Nikon is the only system where you can find thousands of old and used lenses, sometimes for very little money, and almost all of them will click – mount directly onto your brand-new D7000, D4, D800 or D600, ready to take pictures. Amazing.

Nikon’s bayonet hasn’t changed. There is a limitation to pre-1977 (pre-Ai) lenses, unless these have been modified, that's it.

The old Nikkor lenses are still eminently usable and some of them even unsurpassed, even for the most demanding user. Many of these old lenses are very bright - f/2,8, f/2,0, f/1,4 or f/1,2, - at least as bright as, for example, the f/2,8 superzooms 

You can choose between all kinds of lenses:

* Manual focus, Ai or Ai-S 
Manual focus is still excellent, especially with full-frame bodies like the D600, because of their big viewfinders. Matrix metering works fine, viewfinder information is there, A and M modes work, as does auto ISO, automatic correction for chromatic aberration, flash works wonderfully even in auto, the Exif reads correctly…

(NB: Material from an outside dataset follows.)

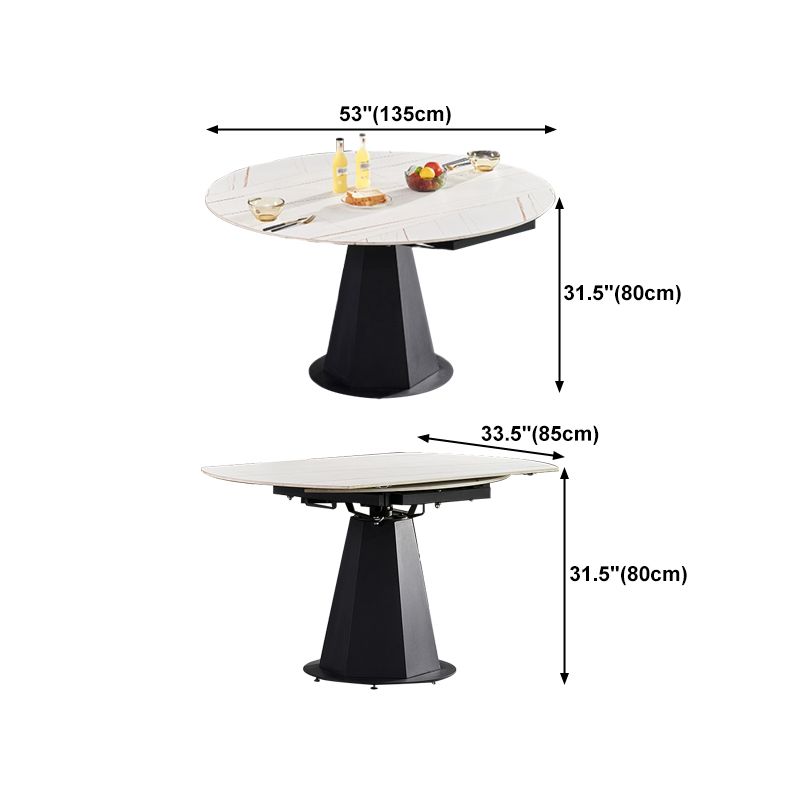 Modern 1/3/4/5/7 Pieces White Dining Table Set with Sintered Stone Top Round Dinette Set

Manual focusing has a few advantages – you can focus on any part of the screen, without thinking about AF focus points. With wideangles, e.g. for street photography, you can easily pre-focus. For teles, you might find the focus confirmation signal useful. And if focus is critical, live view is a great tool, like a 10x loupe. Once you get used to it, manual focusing isn’t particularly slow. There is an inspiring thread on manual focus Nikon lenses at Fred Miranda, here. Recommended reading, both because of its content and its friendly tone.

* Earlier autofocus lenses
Then there are the older AF and AF-D lenses. Some excellent, some slightly dated – in such case correspondingly cheap, and available second hand.

From left to right: Nikkor 18mm f/3,5 Ai-S, 24mm f/2,8 AF-D, 28mm f/2,8 Ai-S, 35mm f/1,4 Ai-S, 105mm f/2,5 Ai-S and 28-200mm f/3,5-5,6 G. 50mm f/1,8 Ai-S ‘pancake’ is seen in the mirror. 


* DX lenses in DX crop mode
Nikon’s FX bodies are fully compatible with DX lenses. Which makes sense in the D600 and the D800 which offer 10,5 or 15,5 MP images, respectively, in DX crop mode. You can let the camera crop automatically, or decide yourself.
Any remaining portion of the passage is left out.